======== Entries supplied

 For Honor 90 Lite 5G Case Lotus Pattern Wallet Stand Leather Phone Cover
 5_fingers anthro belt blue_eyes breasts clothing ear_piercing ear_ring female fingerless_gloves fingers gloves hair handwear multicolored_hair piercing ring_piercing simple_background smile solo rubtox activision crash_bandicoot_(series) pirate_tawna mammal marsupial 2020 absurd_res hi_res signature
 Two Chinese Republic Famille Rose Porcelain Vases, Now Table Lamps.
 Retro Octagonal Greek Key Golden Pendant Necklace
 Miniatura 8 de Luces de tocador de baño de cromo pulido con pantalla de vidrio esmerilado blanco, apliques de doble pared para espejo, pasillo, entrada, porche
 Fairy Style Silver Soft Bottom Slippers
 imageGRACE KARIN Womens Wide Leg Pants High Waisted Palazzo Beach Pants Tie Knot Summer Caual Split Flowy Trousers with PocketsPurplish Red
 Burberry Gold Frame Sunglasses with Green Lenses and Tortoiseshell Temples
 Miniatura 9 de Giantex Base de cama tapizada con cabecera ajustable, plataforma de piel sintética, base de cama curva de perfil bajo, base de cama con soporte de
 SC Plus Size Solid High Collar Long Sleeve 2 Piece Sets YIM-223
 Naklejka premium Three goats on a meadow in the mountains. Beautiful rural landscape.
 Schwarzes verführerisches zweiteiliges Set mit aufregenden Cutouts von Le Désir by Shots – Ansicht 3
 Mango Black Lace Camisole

================

## Task statement:
Go through the data and return every record exactly.

## Completed task:
 For Honor 90 Lite 5G Case Lotus Pattern Wallet Stand Leather Phone Cover
 5_fingers anthro belt blue_eyes breasts clothing ear_piercing ear_ring female fingerless_gloves fingers gloves hair handwear multicolored_hair piercing ring_piercing simple_background smile solo rubtox activision crash_bandicoot_(series) pirate_tawna mammal marsupial 2020 absurd_res hi_res signature
 Two Chinese Republic Famille Rose Porcelain Vases, Now Table Lamps.
 Retro Octagonal Greek Key Golden Pendant Necklace
 Miniatura 8 de Luces de tocador de baño de cromo pulido con pantalla de vidrio esmerilado blanco, apliques de doble pared para espejo, pasillo, entrada, porche
 Fairy Style Silver Soft Bottom Slippers
 imageGRACE KARIN Womens Wide Leg Pants High Waisted Palazzo Beach Pants Tie Knot Summer Caual Split Flowy Trousers with PocketsPurplish Red
 Burberry Gold Frame Sunglasses with Green Lenses and Tortoiseshell Temples
 Miniatura 9 de Giantex Base de cama tapizada con cabecera ajustable, plataforma de piel sintética, base de cama curva de perfil bajo, base de cama con soporte de
 SC Plus Size Solid High Collar Long Sleeve 2 Piece Sets YIM-223
 Naklejka premium Three goats on a meadow in the mountains. Beautiful rural landscape.
 Schwarzes verführerisches zweiteiliges Set mit aufregenden Cutouts von Le Désir by Shots – Ansicht 3
 Mango Black Lace Camisole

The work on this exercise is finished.